As humans we are wired to be guided by emotions. Generations ago, our ancestors used their “fight or flight” instinct to survive. A saber tooth tiger may not be chasing your family today but, helping your tween learn what their emotions and internal intuitions are communicating can feel just as daunting. Many of us deal with negative emotions by trying to ignore them or living in a negative state without a plan to move forward or channeling it into competition and anger with others. A more empowering option is to learn from our emotions.
In order to learn from our emotions, we need to evaluate them. The following steps will help you have an open and honest conversation with your tween (or yourself).
First, have your child describe the feeling or feelings they are going through so you both can identify the emotion. Next is to clarify the message of the emotion. What is this specific emotion trying to convey? What is the purpose of that emotion? Evaluate the emotion from a different perspective and see if it brings new meaning. How do you perceive the emotion from this point of view?
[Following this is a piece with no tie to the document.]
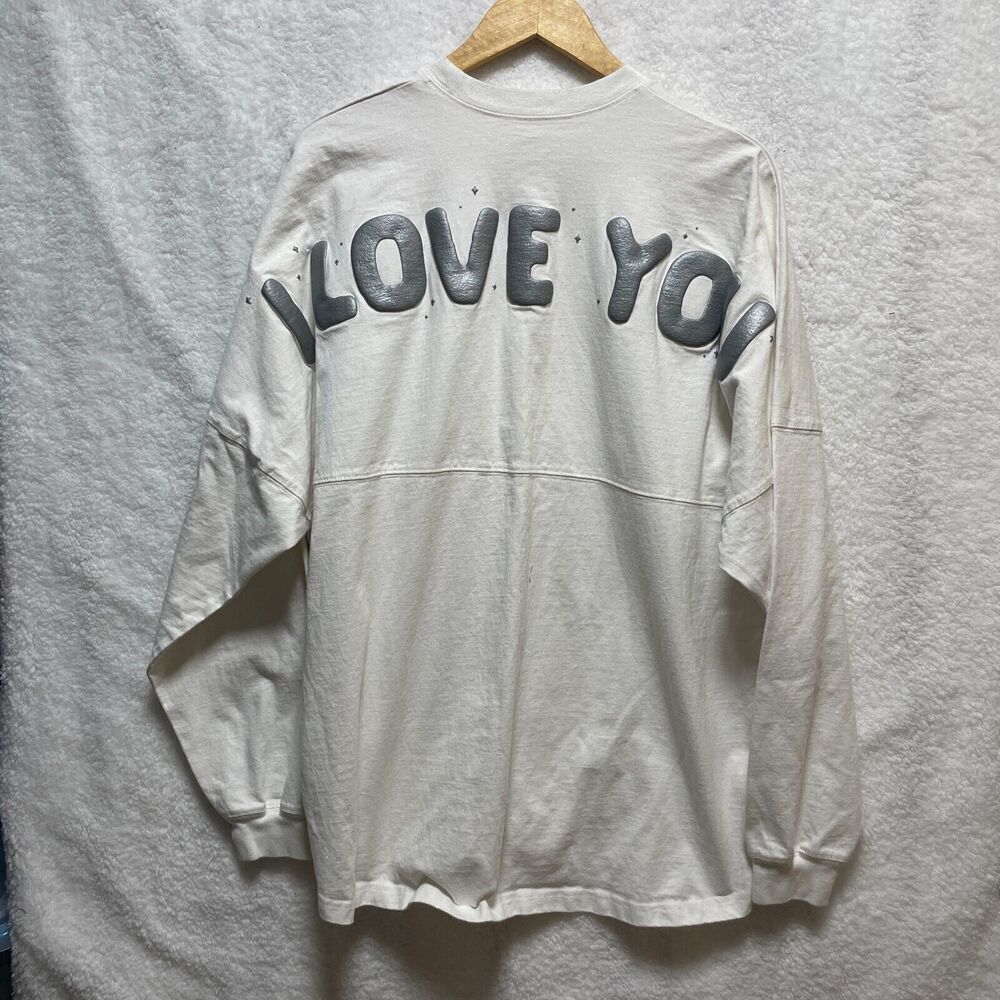 2024 Disney Parks Star Wars I Love You Spirit Jersey Size XXL Long Sleeve Sparkl - Picture 2 of 12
Then, create options and a plan. You can dig deeper by asking questions. What is great about this emotion I am currently feeling? What can I learn from this emotion or experience? Once we have the learning or meaning we no longer need to hold onto that emotion. Next ask, instead of this emotion, how do I want to feel? What would I have to believe to get to my desired emotion? What actions would I need to take to feel the emotion I’d rather be feeling?
Build your tween’s confidence up by remembering or have your child identify a time where they felt this emotion or something similar and overcame it. Talk about how that negative emotion was dealt with in the past and remind them they are standing stronger today because of what they learned from the emotion.
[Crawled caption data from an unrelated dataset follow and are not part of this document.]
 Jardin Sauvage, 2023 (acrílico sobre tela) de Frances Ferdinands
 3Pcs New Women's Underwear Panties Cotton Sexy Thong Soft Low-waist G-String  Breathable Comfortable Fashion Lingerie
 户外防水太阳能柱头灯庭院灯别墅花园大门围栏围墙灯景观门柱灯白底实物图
Finally, help your tween feel certain and excited they have a clear action plan to move forward and move beyond this emotion. Together you can imagine different ways of handling this emotion and then test them out. See what works and what doesn’t. Each action is a learning experience with your tween.
We hope this process helps lessen the daunting tasks of working with your teen on their emotions. Now if only you can get you tween to put their dish all the way in the dishwasher or tell you in advance of a project deadline instead of waiting until the night before.